▶ **Required action**: The line containing "Usata Ford Ecosport" and every line after it, through the end of the material: copy these exactly and nothing else, leaving pictures out.

▶ **Dataset extract**:
Start of Block

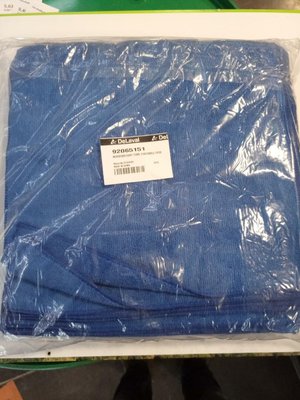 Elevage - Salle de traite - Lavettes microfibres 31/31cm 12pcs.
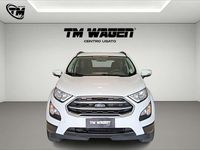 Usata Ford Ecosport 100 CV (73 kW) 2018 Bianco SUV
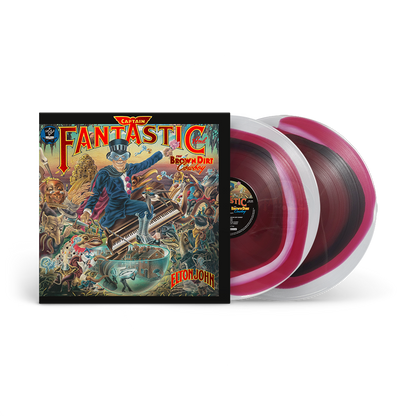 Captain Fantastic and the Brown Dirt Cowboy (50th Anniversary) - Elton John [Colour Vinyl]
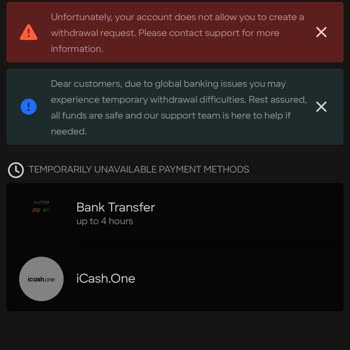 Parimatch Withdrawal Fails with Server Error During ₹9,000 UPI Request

End of Block

▶ **Reply**:
 Usata Ford Ecosport 100 CV (73 kW) 2018 Bianco SUV
 Captain Fantastic and the Brown Dirt Cowboy (50th Anniversary) - Elton John [Colour Vinyl]
 Parimatch Withdrawal Fails with Server Error During ₹9,000 UPI Request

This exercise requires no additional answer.